Por Carmen Posadas |
Se atusaron sus extensiones, pusieron cara de selfie
(dos rutinas que cada día les reportan un pastón) y más de una suspiró
aburrida por la obviedad de la pregunta, mostrando a la concurrencia su
penúltima extravagancia: un par de fundas dentales de oro y brillantes. Solo le
faltó añadir, como Yaveh ante la zarza ardiente, «nosotras somos las que somos»
u otra cosa igualmente inescrutable y divina.

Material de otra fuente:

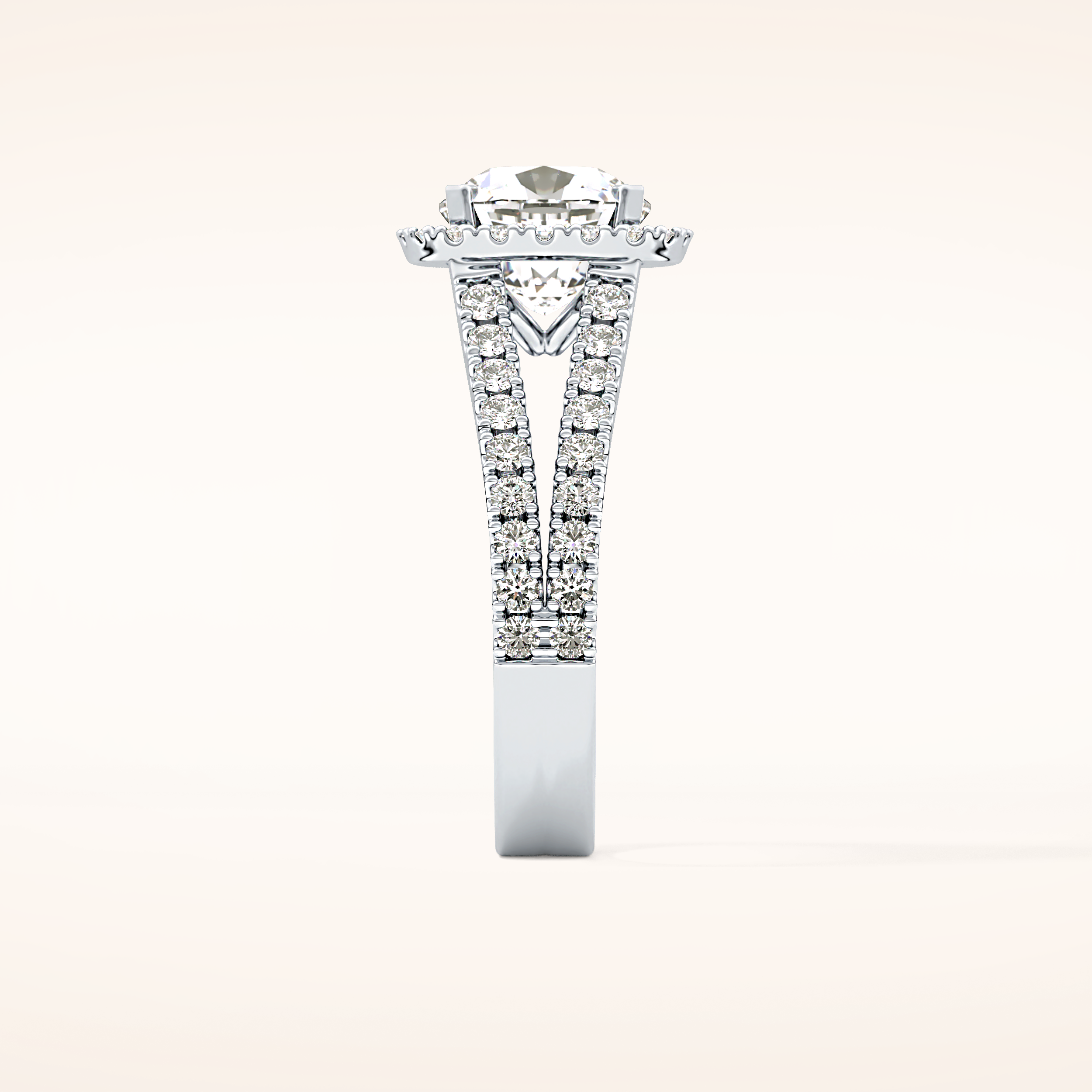 3.28 CT Cushion Shaped Split Shank & Halo Moissanite Engagement Ring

Razón no les falta. Porque ¿quién en este mundo no
conoce a las Kardashian? Las cinco gloriosas ‘K’: Kourtney, Kim, Khloe, Kendall
y Kylie. Siete si sumamos a Kris, la matriarca del clan, y a su exmarido, el
medallista olímpico Bruce Jenner, padre de las dos menores y ahora, bisturí de
por medio, convertido en la explosiva Caitlyn. Caitlyn con ‘C’, no con ‘K’ (no
sé por qué perdió la ocasión de sumarse a la tradición familiar en materia de
iniciales, pero seguro que habrá una buena razón –fácilmente traducible en
parné– para que sea así sea). ¿Habrán hecho un brainstorming familiar
retransmitido en directo y con gran pico de audiencia para decidir este punto?

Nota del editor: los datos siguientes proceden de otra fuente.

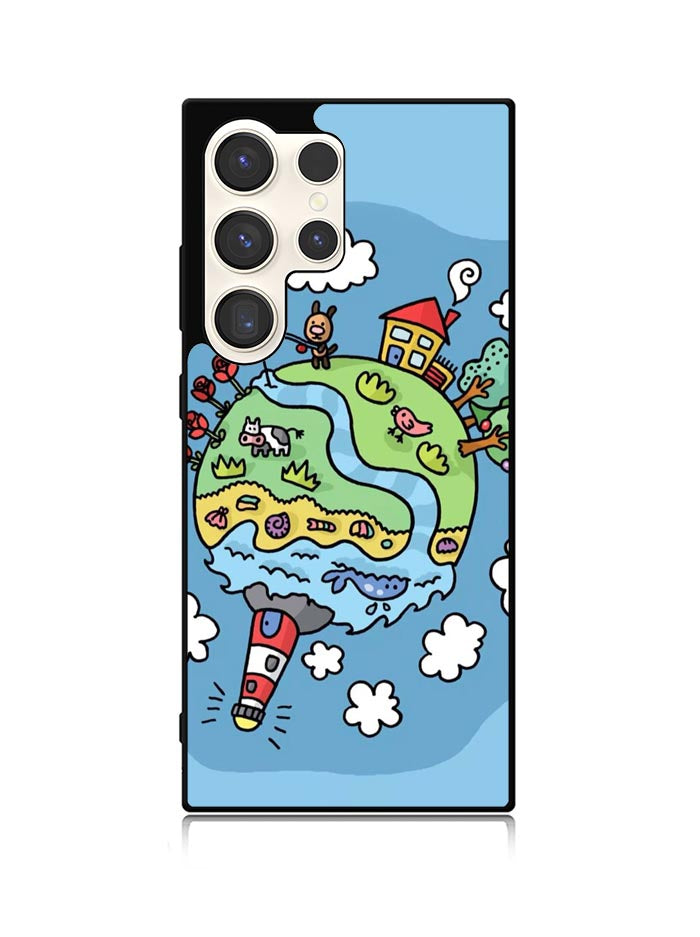 Cute Doodle Art Samsung Galaxy S23 Ultra 5G Case QC8813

¿Un concurso entre sus millones de seguidores patrocinado por varias marcas
comerciales? Posiblemente, porque todo lo que ellas hacen, piensan, sueñan o
sienten se retransmite en directo.
Así llevan más de once años viviendo en un Show
de Truman o en un perpetuo Gran Hermano. Solo que ni Peter
Weir, director de la primera, ni George Orwell, padre del segundo, fueron tan
lejos en imaginar semejante futuro. Tanto Weir como Orwell presentaron la idea
de que el ser humano tuviera que vivir continuamente observado por otros como una
atroz pesadilla. En El show de Truman, Jim Carrey sufre mil
penalidades antes de conseguir escapar de esa vida en un escaparate a la que lo
han condenado.
En 1984,
de Orwell, Gran Hermano es un temible ser supremo que todo lo ve y todo lo
juzga, una metáfora de poder omnímodo que condena a la gente al sometimiento, a
la pérdida de intimidad y, por tanto, de toda libertad: «Big brother is
watching you» es su eslogan: estáis todos fichados, controlados, por
siempre escrutados. Seguro que a las Kardashian, de saber (cosa que dudo
muchísimo) cuáles son los antecedentes intelectuales de su exitoso show
familiar, les daría un ataque de risa colectivo. ¿Malo que a uno lo
escruten? ¿Que el mundo entero sepa con quién nos acostamos, con quién nos
levantamos, si nos ha salido un forúnculo o nos ha bajado la regla? Todo esto
es pasta y, por tanto, música para nuestros oídos.
Como yo soy una persona muy reservada, para mí todo
esto es un misterio insondable. No puedo comprender que a alguien le guste
vivir en un escaparate, por no decir en una urna translúcida o en una pecera
con millones de ojos pendientes de mí. Pero obviamente soy un pitecántropo, un
fósil del pasado. Ahora, todo el mundo quiere ser una Kardashian; así lo
atestiguan los millones de blogueros e influencers que
retransmiten su vida en directo hasta en los detalles más íntimos y escabrosos.
Por eso este año que empieza he decidido
enmendarme, cambiar de vida, convertirme a la nueva fe del exhibicionismo.
¿Estaré aún a tiempo de reciclarme? Solo me hace flaquear en mi empeño la frase
final de la aterradora distopía de Orwell: «Había alcanzado la perfección. Por
fin se había vencido a sí mismo y ahora –como todos– amaba a Gran Hermano».